- Opening Delimiter -

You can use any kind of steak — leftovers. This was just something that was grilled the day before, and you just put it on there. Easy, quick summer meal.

- Closing Delimiter -
- Opening Delimiter -

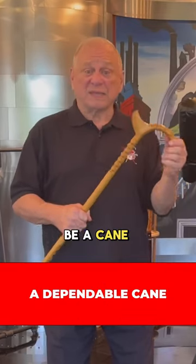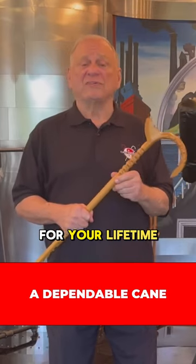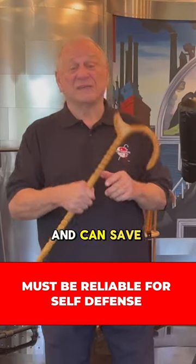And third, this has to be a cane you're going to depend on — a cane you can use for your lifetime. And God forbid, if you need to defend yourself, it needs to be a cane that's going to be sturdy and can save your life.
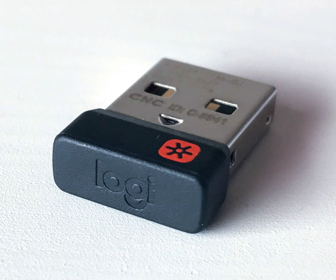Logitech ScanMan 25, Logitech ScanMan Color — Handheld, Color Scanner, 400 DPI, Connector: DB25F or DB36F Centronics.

- Closing Delimiter -

◆ Action item ◆
Above are records; repeat only the lines from the line with "And third, this" through the line with "Logitech ScanMan 25, Logitech", and leave pictures out.

◆ Output for this task ◆
And third, this has to be a cane you're going to depend on — a cane you can use for your lifetime. And God forbid, if you need to defend yourself, it needs to be a cane that's going to be sturdy and can save your life.
Logitech ScanMan 25, Logitech ScanMan Color — Handheld, Color Scanner, 400 DPI, Connector: DB25F or DB36F Centronics.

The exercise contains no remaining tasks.